En cette année 2005-5765, cela fait 60 ans que le monde découvrit horrifié, effaré la réalité des camps d’extermination.
Vous le savez cette 60ème commémoration a eu un relief particulier; ce dont nous ne pouvons que nous féliciter.
A cette occasion, les problèmes de transmission de l’histoire de la Shoah ont été à nouveau évoqués et ceci à juste titre.
Nous savons, nous au Centre Medem-Arbeter Ring et au CLEJ qu’il ne suffit pas de commémorer pour transmettre et enseigner.
Nous savons qu’il importe toujours de réfléchir sur les voies et moyens de la transmission pour faire œuvre citoyenne et qu’il nous faudra toujours démontrer que ce « Horban » nous concerne aujourd’hui et dans notre quotidien, même si se le rappeler est toujours douloureux.
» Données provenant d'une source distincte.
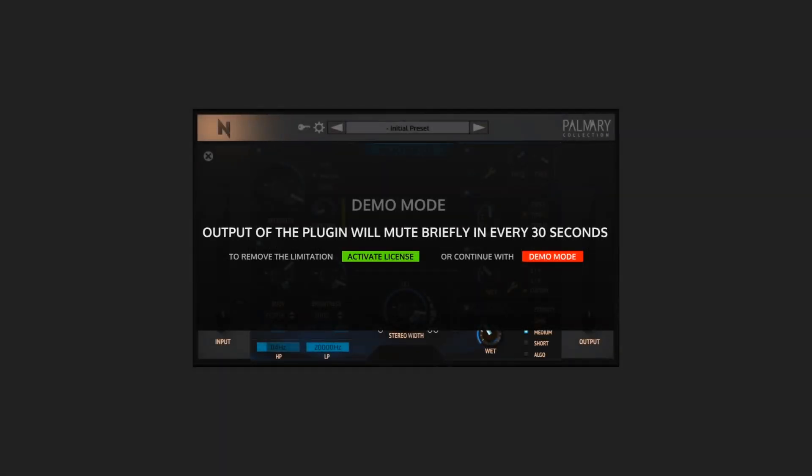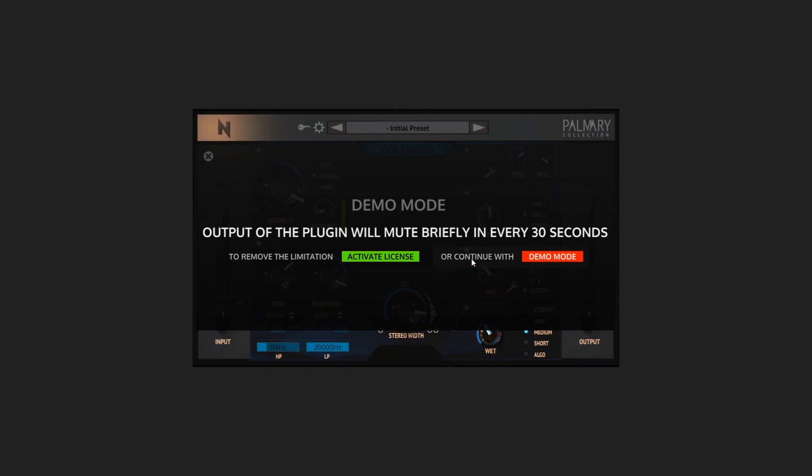When the plugin is initialized for the first time, there is a demo notice pop-up window. In demo mode, the main output of the plugin will be muted briefly every 30 seconds. You can continue with demo mode or activate the license to cancel the demo.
Nous savons, aussi, au Centre Medem, comme nos aînés au Cercle Amical que les fils du présent et du futur sont tissés sur la trame du passé.
Nous savons aussi qu’être concerné par les problématiques de l’ici et du maintenant ne peut se concevoir qu’à partir de l’étude du passé et le partage des problématiques de tous par chacun.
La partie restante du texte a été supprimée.